### Exercise
Copy the listing below exactly, but skip the pictures.
─── Given information
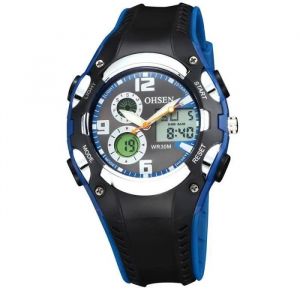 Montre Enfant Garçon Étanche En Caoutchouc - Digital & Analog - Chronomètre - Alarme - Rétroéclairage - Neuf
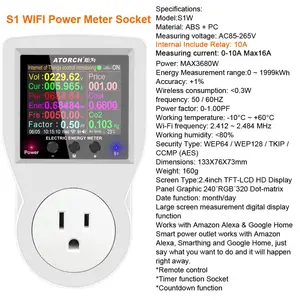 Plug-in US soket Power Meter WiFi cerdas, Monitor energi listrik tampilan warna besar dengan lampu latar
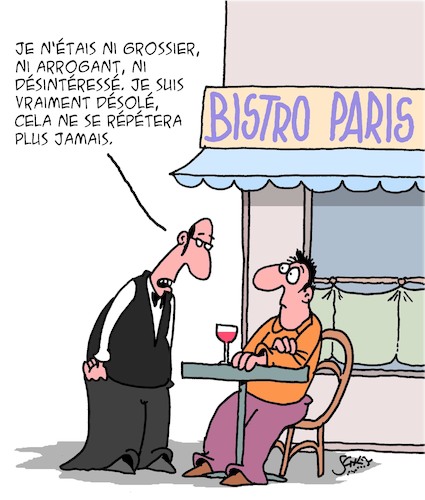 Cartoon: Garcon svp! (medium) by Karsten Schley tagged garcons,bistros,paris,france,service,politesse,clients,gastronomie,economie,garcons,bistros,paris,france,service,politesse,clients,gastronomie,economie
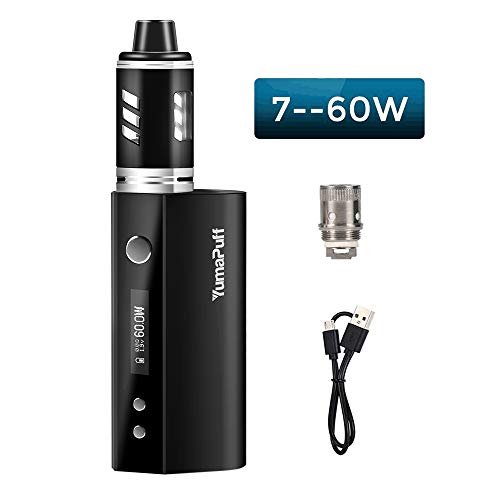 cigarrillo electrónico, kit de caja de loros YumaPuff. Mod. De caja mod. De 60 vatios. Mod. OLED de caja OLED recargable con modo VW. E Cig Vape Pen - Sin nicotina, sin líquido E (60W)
──────
### Result of this exercise
 Montre Enfant Garçon Étanche En Caoutchouc - Digital & Analog - Chronomètre - Alarme - Rétroéclairage - Neuf
 Plug-in US soket Power Meter WiFi cerdas, Monitor energi listrik tampilan warna besar dengan lampu latar
 Cartoon: Garcon svp! (medium) by Karsten Schley tagged garcons,bistros,paris,france,service,politesse,clients,gastronomie,economie,garcons,bistros,paris,france,service,politesse,clients,gastronomie,economie
 cigarrillo electrónico, kit de caja de loros YumaPuff. Mod. De caja mod. De 60 vatios. Mod. OLED de caja OLED recargable con modo VW. E Cig Vape Pen - Sin nicotina, sin líquido E (60W)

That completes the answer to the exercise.